_EXERCISE DESCRIPTION:_ Only the lines from the start of the data through the line with "h42. 使用钱包软件进行恢复/h4" belong in the copy. Restate them word for word, minus the pictures.

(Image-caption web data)
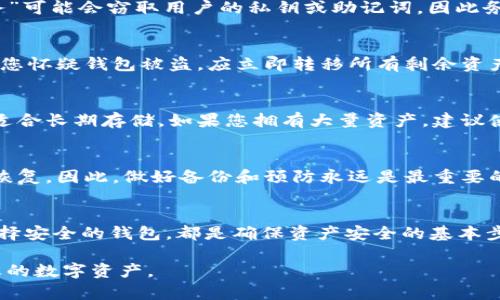注意：由于信息的特性，我无法提供具体的个别案例或操作，以下内容仅供参考与学习。

tiaoti如何安全高效找回丢失的USDT钱包/tiaoti
USDT钱包, 找回USDT, 钱包丢失, 加密货币安全/guanjianci

引言
随着加密货币的兴起，USDT (Tether) 作为一种稳定币，因其与美元挂钩的特性而受到广泛使用。然而，用户在管理加密货币钱包时，常常面临一些风险，比如钱包丢失、私钥遗失等问题。本文将探讨如何找回丢失的USDT钱包，并提供相关注意事项及安全防护策略。

USDT钱包概述
USDT钱包主要分为两类：热钱包和冷钱包。热钱包是连接到互联网的数字钱包，包括交易所钱包和桌面钱包，它们使用方便，但由于网络连接的特性，安全性相对较低。冷钱包则是不联网的存储方式，安全性较高，但使用上可能需要更多的操作和步骤。在任何情况下，用户都应当采取必要措施确保其钱包的安全性。

找回USDT钱包的常见步骤
如果您丢失了USDT钱包，首先要保持冷静，以下是一些常见的找回步骤：

h41. 检查备份/h4
大多数钱包在创建时会提供一个助记词或种子短语（Seed Phrase）。这是找回钱包的关键。如果您保存了这个助记词，可以很容易地在支持该钱包的应用程序中恢复钱包。

h42. 使用钱包软件进行恢复/h4
许多钱包软件都有恢复功能。如果您拥有钱包的私钥或助记词，只需下载相应的钱包应用，再按照提示输入您的私钥或助记词，即可恢复访问权限。

h43. 查找交易所支持/h4
如果您的USDT存在于交易所中，联系交易所的客服，提供您账户的信息，通常可以帮助您找回丢失的资产。

避免钱包丢失的最佳实践
预防总是比治疗更有效。以下是一些避免丢失USDT钱包的最佳实践：

h41. 定期备份/h4
无论使用哪种钱包，用户都应定期备份钱包文件，尤其是在收到资金的操作后。同时要将助记词或种子短语严格保管，不要轻易透露给他人。

h42. 冷藏存储/h4
大额资金应使用冷钱包存储，比如硬件钱包。此外，确保冷钱包的物理安全，以防止盗窃。

h43. 双因素认证/h4
在热钱包或者交易所设置双因素认证，以增加安全性。即使您密码泄露，有了双因素认证，也能有效保护您的资产。

相关问题探讨

h4Q1: 助记词被遗忘该怎么办？/h4
如果您遗忘了助记词，恢复钱包的可能性将大大降低。助记词是加密钱包的钥匙，失去它几乎意味着无法访问钱包里的资产。因此，创建钱包时应设法记住或安全存储助记词。如果实在无法找回，那么除非有其他的备份方式，钱包里的USDT可能会永远丢失。

h4Q2: 对于取回USDT是否存在风险？/h4
取回USDT的过程中确实存在一定风险。由于加密货币的匿名性，用户在找回钱包的过程中可能会遇到欺诈和诈骗。例如，某些“恢复服务”可能会窃取用户的私钥或助记词，因此务必通过官方途径进行恢复。此外，安全防护措施也不可忽视，如不轻易点击陌生链接。

h4Q3: 如何识别钱包是否被盗？/h4
如果您注意到钱包中的资产被转移，而您并没有进行转账，那么您的钱包很可能被盗。您可以查看交易记录，确认是否有不明转账。如果您怀疑钱包被盗，应立即转移所有剩余资产（如果可能）并修改相关账户密码。同时，建议联系钱包服务提供商，以寻求进一步帮助。

h4Q4: 如何选择安全的USDT钱包？/h4
选择安全的USDT钱包需要考虑多个方面，包括缓存情况、用户评价、开发者信誉等。热钱包适合频繁交易，但安全性相对较低；冷钱包则适合长期存储。如果您拥有大量资产，建议使用硬件钱包。同时，始终确保钱包进行相关更新，以修复可能的安全漏洞。

h4Q5: 找回丢失的钱包需要多少时间？/h4
找回丢失的钱包所需的时间因具体情况而异。如果备份文件齐全，通常在几分钟内即可恢复。如果助记词丢失，可能需要更久甚至无法恢复。因此，做好备份和预防永远是最重要的。

总结
找回丢失的USDT钱包并不容易，但通过采取适当的预防措施和恢复策略，您可以最大限度地保护您的资产。无论是备份助记词，还是选择安全的钱包，都是确保资产安全的基本步骤。在参与加密货币投资时，了解并解决这些问题将使您更加游刃有余。

最后，最重要的还是以安全和谨慎的态度对待加密货币投资及其管理。希望本文能为您提供有价值的信息，帮助您更好地管理和保护您的数字资产。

_EXERCISE RESULT:_
注意：由于信息的特性，我无法提供具体的个别案例或操作，以下内容仅供参考与学习。

tiaoti如何安全高效找回丢失的USDT钱包/tiaoti
USDT钱包, 找回USDT, 钱包丢失, 加密货币安全/guanjianci

引言
随着加密货币的兴起，USDT (Tether) 作为一种稳定币，因其与美元挂钩的特性而受到广泛使用。然而，用户在管理加密货币钱包时，常常面临一些风险，比如钱包丢失、私钥遗失等问题。本文将探讨如何找回丢失的USDT钱包，并提供相关注意事项及安全防护策略。

USDT钱包概述
USDT钱包主要分为两类：热钱包和冷钱包。热钱包是连接到互联网的数字钱包，包括交易所钱包和桌面钱包，它们使用方便，但由于网络连接的特性，安全性相对较低。冷钱包则是不联网的存储方式，安全性较高，但使用上可能需要更多的操作和步骤。在任何情况下，用户都应当采取必要措施确保其钱包的安全性。

找回USDT钱包的常见步骤
如果您丢失了USDT钱包，首先要保持冷静，以下是一些常见的找回步骤：

h41. 检查备份/h4
大多数钱包在创建时会提供一个助记词或种子短语（Seed Phrase）。这是找回钱包的关键。如果您保存了这个助记词，可以很容易地在支持该钱包的应用程序中恢复钱包。

h42. 使用钱包软件进行恢复/h4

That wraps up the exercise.